Hong Kong police have made three new arrests in the alleged fraud case linked to crypto exchange platform JPEX, as the number of reported victims rose to 2,407 with losses totalling almost HK$1.5 billion.
A total of 15 people have been arrested so far in connection with the JPEX “fraud” scandal, police said in a statement on Wednesday evening. The force received reports from 2,407 people who said they were victims in the case that saw losses totalling HK$1.499 billion.
“The investigation of the case is still ongoing, and the police do not rule out that more individuals may be arrested,” a Chinese-language press release from the police read.
The first round of arrests took place around two weeks ago when police detained four men and four women – aged between 22 and 52 – on suspicion of conspiracy to defraud. Among the arrestees who were released on bail without charge were social media influencers Joseph Lam and Chan Yee.

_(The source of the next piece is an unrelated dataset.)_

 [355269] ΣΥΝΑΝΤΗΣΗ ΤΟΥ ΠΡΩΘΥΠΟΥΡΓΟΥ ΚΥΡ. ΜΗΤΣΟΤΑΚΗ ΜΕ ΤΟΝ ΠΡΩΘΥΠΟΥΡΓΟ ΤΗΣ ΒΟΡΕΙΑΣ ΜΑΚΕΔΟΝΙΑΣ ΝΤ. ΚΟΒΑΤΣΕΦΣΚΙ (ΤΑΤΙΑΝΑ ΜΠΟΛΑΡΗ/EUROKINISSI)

The arrested individuals were said to have used false advertising and unlawful means to lure victims to open accounts and make investments on JPEX. The crypto platform then subsequently imposed restrictions on withdrawal limits and raised the handling fee for withdrawal significantly, leaving customers unable to withdraw their virtual assets, police alleged.
Lam, an insurance agent and former barrister, told the press last Friday that he had closed his company and terminated the rental contract for his office. But he did not disclose any details about the JPEX investigation.
The influencer, who ran an over-the-counter crypto exchange store in the city, said on social media in July that he had applied to join JPEX as a partner. Investigations by local newspaper Ming Pao revealed that Lam had spoken at talks on crypto currency investment in July, during which he promoted the unlicensed platform and urged people to invest through it.
Police detained more people following the initial arrests, but did not specify whether they were also suspected of conspiracy to defraud, an offence punishable by up to 14 years of imprisonment.
On Wednesday, Secretary for Security Chris Tang said police were actively investigating the JPEX case and working closely with the Securities and Futures Commission. The financial watchdog said on Monday that it would reveal the names of cryptocurrency exchanges that have applied for trading licences, after it faced criticism from the industry and lawmakers over its handling of the alleged large-scale fraud case.